Web page caption snippets:
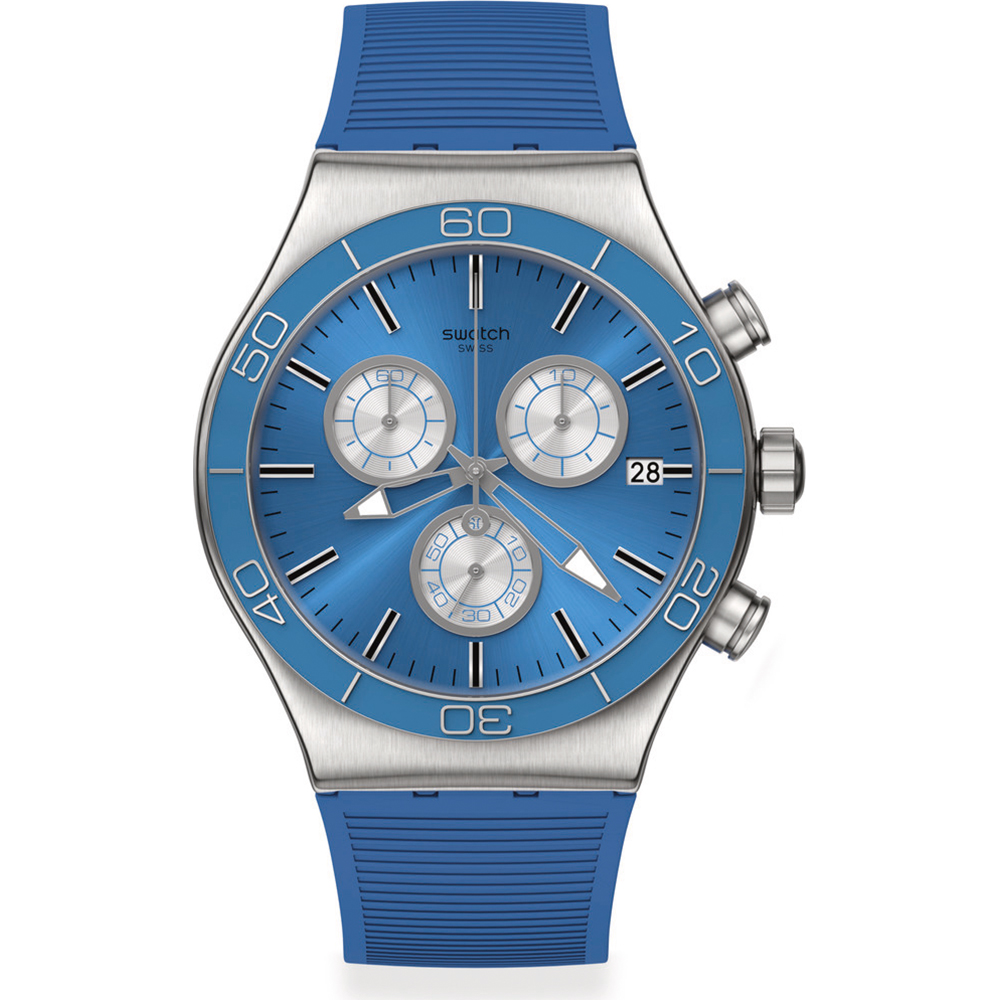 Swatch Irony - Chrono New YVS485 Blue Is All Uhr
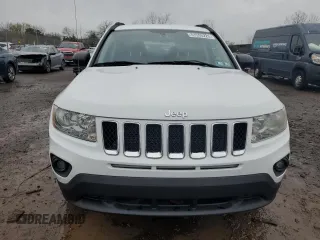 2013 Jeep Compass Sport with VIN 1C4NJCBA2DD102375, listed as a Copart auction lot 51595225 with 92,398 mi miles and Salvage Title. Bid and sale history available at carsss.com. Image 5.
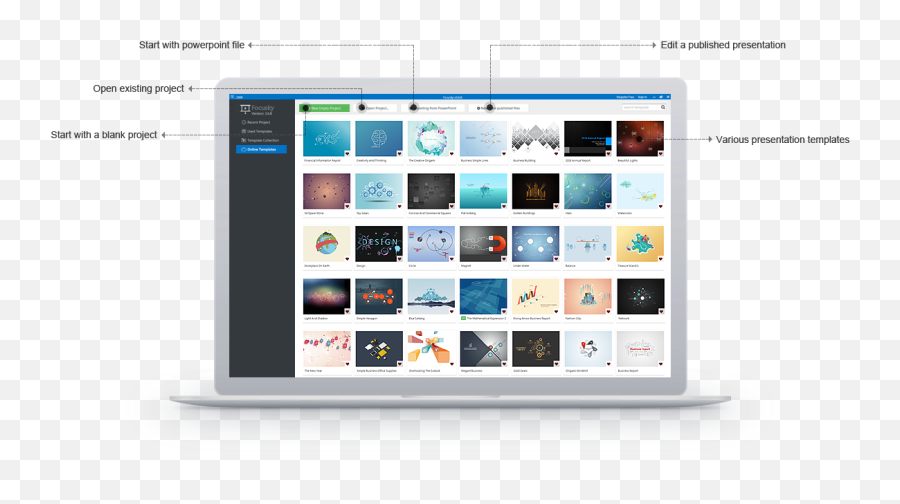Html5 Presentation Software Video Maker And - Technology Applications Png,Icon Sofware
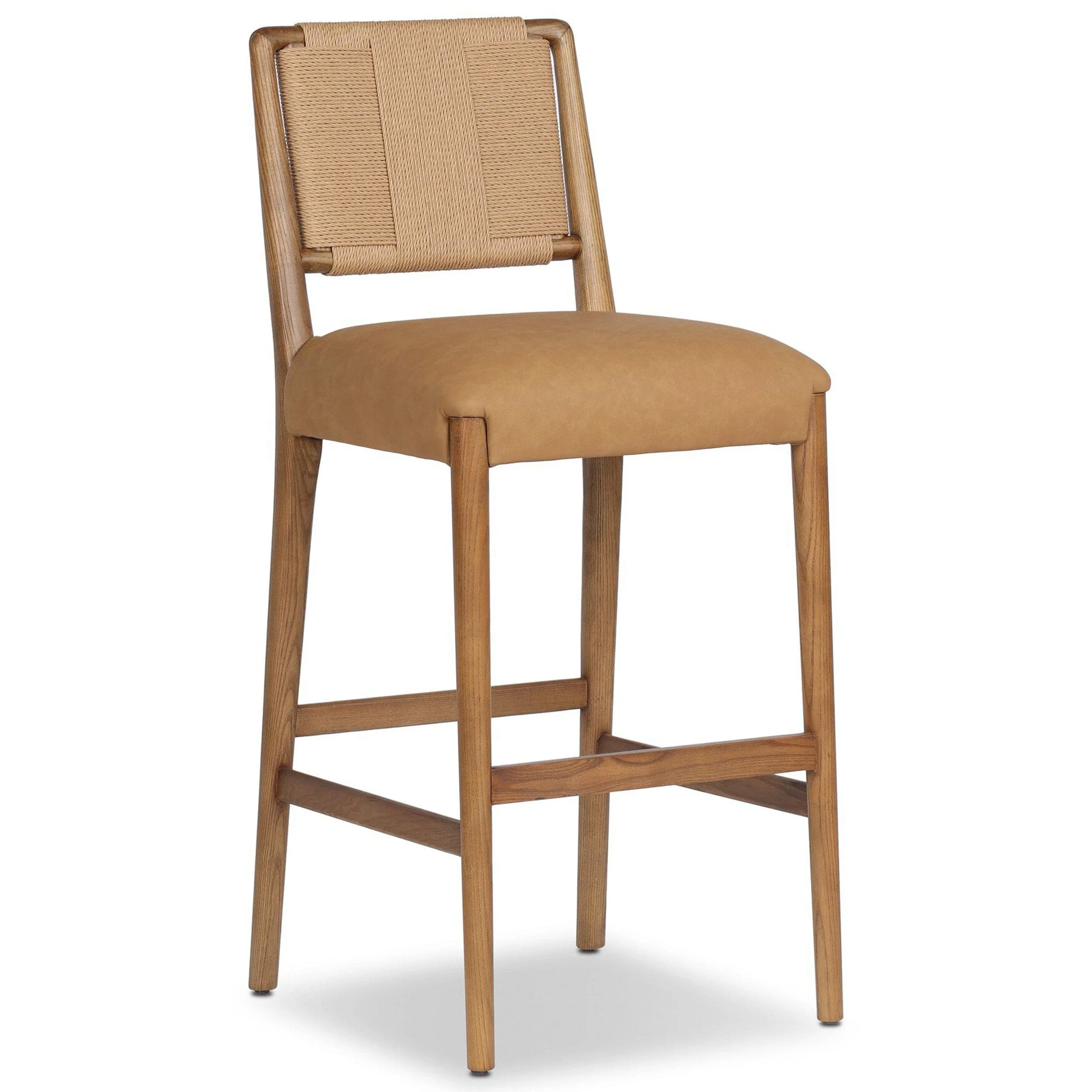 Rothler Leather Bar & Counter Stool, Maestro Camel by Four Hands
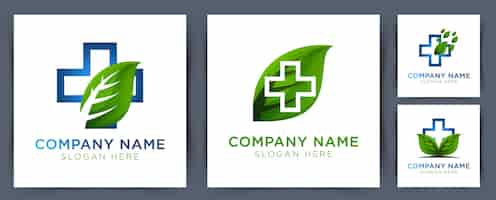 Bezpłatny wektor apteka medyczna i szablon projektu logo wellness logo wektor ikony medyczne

Task directions:
The copy starts at the line holding "Html5 Presentation Software" and ends at the last line of the records above. Transcribe those lines exactly, pictures excluded.

Exercise result:
Html5 Presentation Software Video Maker And - Technology Applications Png,Icon Sofware
 Rothler Leather Bar & Counter Stool, Maestro Camel by Four Hands
 Bezpłatny wektor apteka medyczna i szablon projektu logo wellness logo wektor ikony medyczne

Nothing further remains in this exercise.